Problem details = Reproduce the line containing "MERCEDES-BENZ EQC JNU-673 carousel image" and every line after it through the end of the records. Include nothing else.

Given data =
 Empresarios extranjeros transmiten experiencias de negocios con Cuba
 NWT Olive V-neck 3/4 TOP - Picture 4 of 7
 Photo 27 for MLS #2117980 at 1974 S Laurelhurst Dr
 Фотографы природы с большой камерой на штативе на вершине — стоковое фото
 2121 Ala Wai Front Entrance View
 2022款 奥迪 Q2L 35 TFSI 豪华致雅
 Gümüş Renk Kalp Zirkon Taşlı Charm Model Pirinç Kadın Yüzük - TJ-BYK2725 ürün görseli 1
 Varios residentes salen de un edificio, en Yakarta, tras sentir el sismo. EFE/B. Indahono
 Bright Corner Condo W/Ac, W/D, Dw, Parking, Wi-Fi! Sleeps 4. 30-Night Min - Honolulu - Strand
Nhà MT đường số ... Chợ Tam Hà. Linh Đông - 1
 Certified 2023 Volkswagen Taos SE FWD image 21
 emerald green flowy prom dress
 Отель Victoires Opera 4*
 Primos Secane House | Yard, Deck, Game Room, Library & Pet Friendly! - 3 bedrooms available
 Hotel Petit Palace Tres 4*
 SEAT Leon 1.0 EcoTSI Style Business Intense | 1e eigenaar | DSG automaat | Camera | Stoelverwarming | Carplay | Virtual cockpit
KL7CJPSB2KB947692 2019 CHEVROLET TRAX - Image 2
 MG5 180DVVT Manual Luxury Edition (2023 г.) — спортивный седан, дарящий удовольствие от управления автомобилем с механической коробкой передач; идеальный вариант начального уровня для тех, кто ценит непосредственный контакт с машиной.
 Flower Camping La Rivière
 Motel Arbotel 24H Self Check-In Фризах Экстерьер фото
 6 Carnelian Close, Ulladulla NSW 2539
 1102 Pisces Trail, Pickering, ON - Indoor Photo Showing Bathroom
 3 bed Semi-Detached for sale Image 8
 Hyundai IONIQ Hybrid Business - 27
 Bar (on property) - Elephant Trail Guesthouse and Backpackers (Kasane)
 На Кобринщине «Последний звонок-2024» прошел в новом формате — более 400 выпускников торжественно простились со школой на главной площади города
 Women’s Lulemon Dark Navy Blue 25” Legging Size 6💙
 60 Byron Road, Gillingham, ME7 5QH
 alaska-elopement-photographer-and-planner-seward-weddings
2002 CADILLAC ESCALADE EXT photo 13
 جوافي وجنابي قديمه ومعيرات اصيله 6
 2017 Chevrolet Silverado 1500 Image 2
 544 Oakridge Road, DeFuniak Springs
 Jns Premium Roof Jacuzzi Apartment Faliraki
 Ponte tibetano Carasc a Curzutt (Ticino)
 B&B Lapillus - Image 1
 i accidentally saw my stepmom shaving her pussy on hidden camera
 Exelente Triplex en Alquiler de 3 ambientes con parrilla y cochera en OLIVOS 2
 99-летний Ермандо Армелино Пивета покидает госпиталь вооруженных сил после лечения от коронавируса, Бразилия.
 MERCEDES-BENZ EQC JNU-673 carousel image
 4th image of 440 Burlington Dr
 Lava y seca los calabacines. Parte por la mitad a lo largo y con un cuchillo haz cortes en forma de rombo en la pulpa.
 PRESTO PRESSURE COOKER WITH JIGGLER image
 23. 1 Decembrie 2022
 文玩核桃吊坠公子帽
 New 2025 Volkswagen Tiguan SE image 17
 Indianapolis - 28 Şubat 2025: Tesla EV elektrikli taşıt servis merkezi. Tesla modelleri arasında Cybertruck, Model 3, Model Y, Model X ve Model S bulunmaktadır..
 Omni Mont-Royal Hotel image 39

Result below =
 MERCEDES-BENZ EQC JNU-673 carousel image
 4th image of 440 Burlington Dr
 Lava y seca los calabacines. Parte por la mitad a lo largo y con un cuchillo haz cortes en forma de rombo en la pulpa.
 PRESTO PRESSURE COOKER WITH JIGGLER image
 23. 1 Decembrie 2022
 文玩核桃吊坠公子帽
 New 2025 Volkswagen Tiguan SE image 17
 Indianapolis - 28 Şubat 2025: Tesla EV elektrikli taşıt servis merkezi. Tesla modelleri arasında Cybertruck, Model 3, Model Y, Model X ve Model S bulunmaktadır..
 Omni Mont-Royal Hotel image 39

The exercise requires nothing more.